— Assigned task —
From the listing that follows, reproduce only the lines from the one holding "inspirasi outfit hijab" through the one holding "Tables gigognes", both included, with no pictures.

START Working data

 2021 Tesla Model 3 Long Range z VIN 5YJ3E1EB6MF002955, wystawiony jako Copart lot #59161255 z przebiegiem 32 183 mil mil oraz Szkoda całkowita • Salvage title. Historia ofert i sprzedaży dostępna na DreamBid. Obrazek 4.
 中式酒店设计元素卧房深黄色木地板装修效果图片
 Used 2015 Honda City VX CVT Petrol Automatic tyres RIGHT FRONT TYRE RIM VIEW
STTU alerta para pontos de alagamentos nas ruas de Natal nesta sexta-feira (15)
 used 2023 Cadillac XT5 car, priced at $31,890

END Working data
START Working data

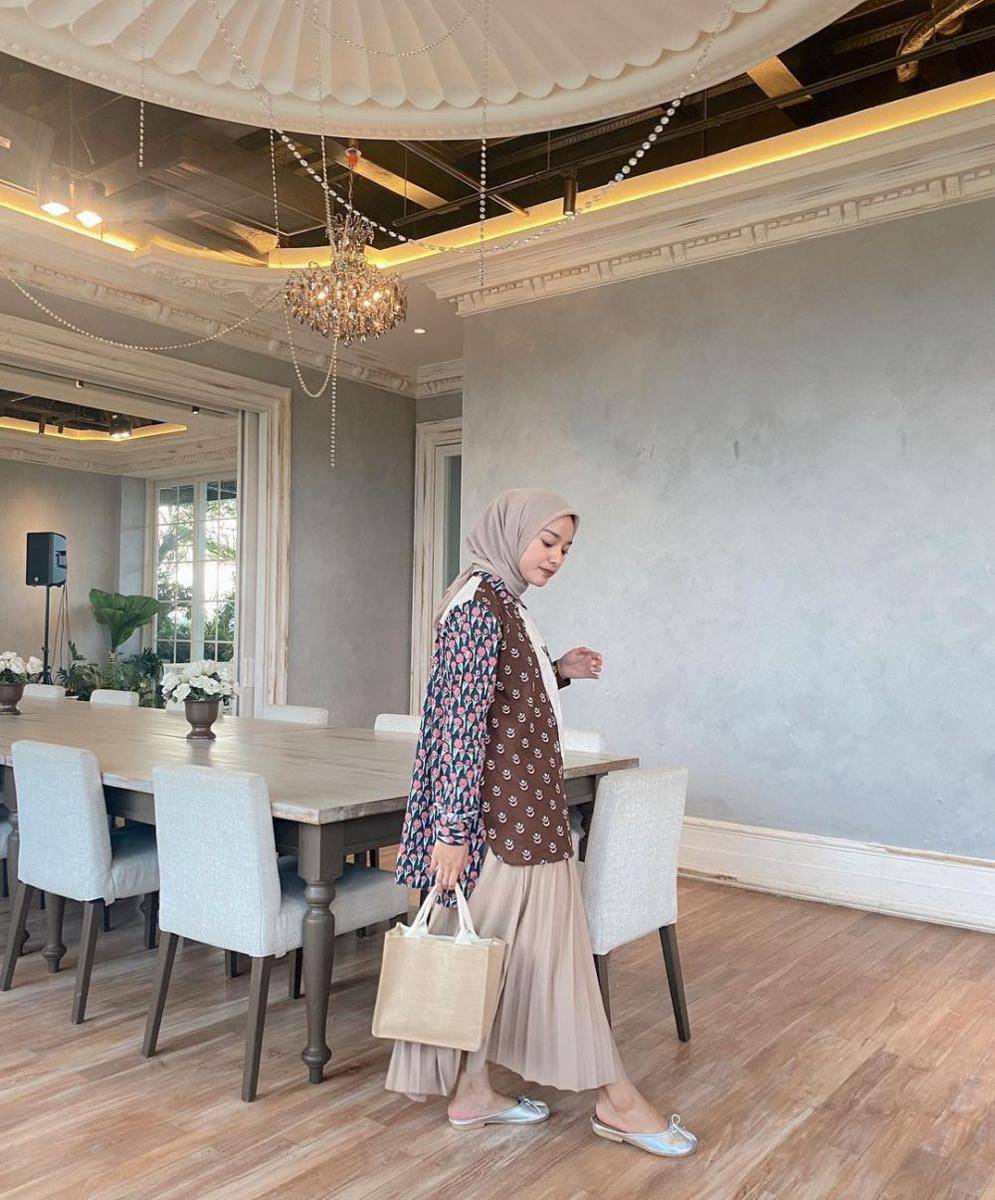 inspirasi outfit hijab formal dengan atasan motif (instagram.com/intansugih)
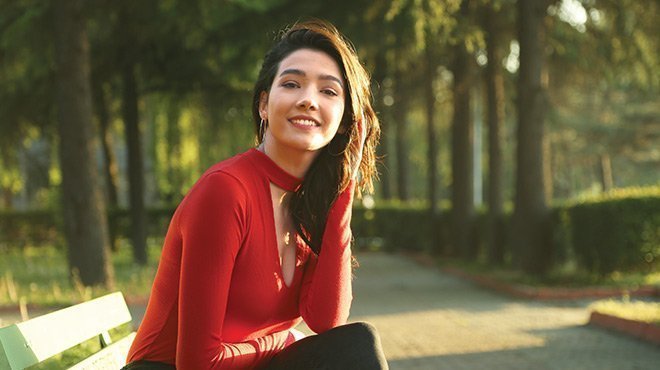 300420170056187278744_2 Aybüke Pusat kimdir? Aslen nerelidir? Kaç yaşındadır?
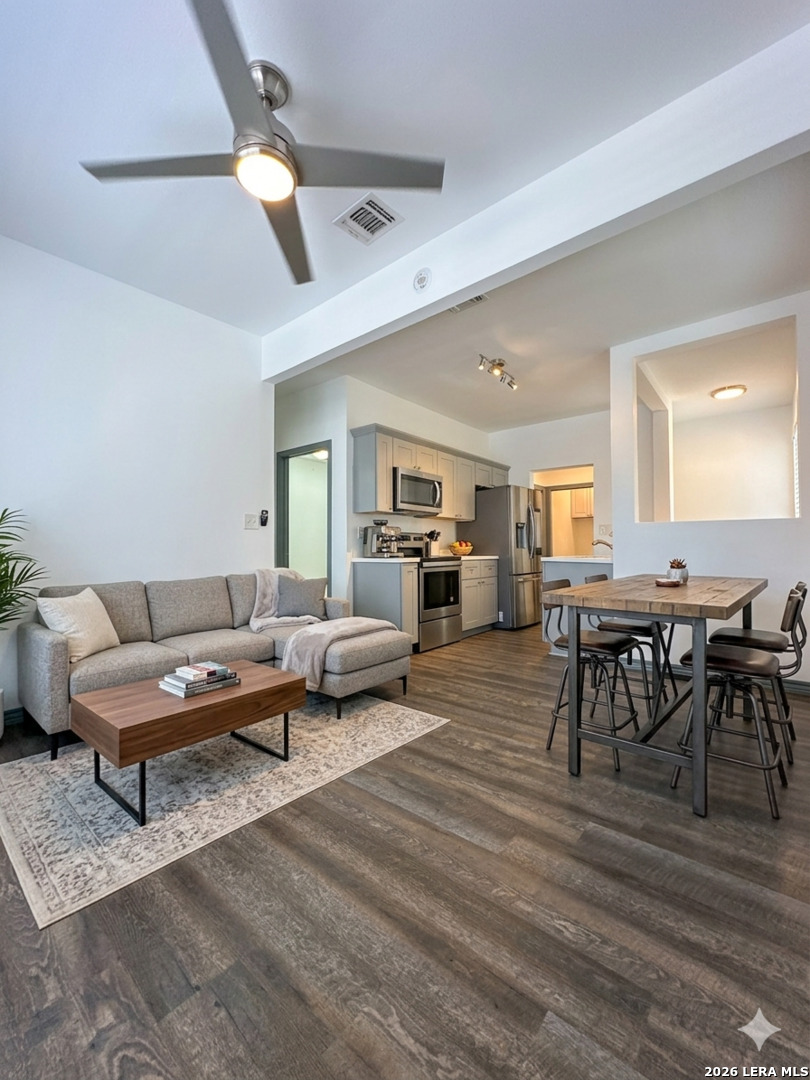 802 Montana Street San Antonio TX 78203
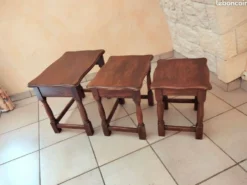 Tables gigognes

END Working data
START Working data

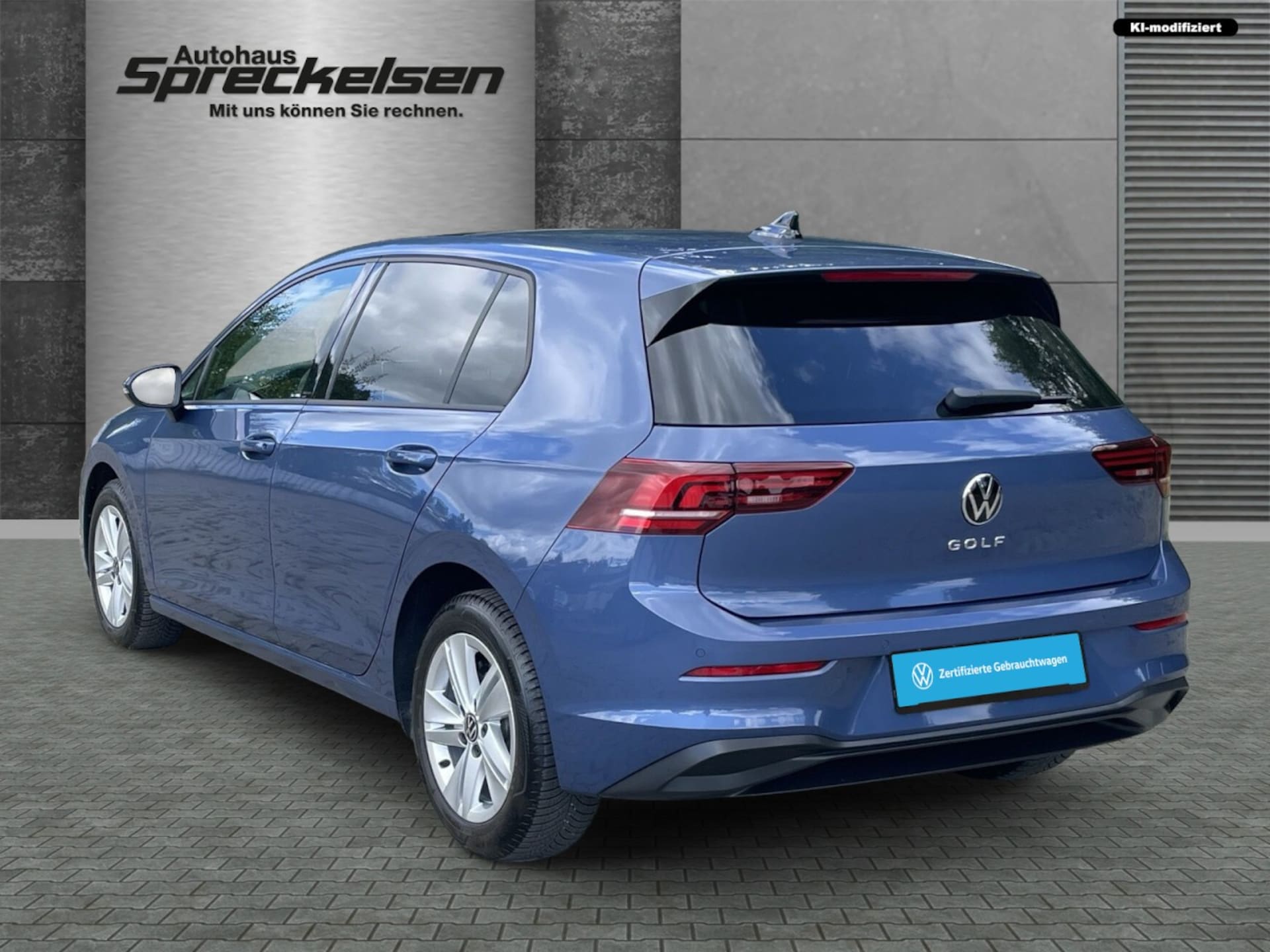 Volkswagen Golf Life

END Working data

— Exercise response —
 inspirasi outfit hijab formal dengan atasan motif (instagram.com/intansugih)
 300420170056187278744_2 Aybüke Pusat kimdir? Aslen nerelidir? Kaç yaşındadır?
 802 Montana Street San Antonio TX 78203
 Tables gigognes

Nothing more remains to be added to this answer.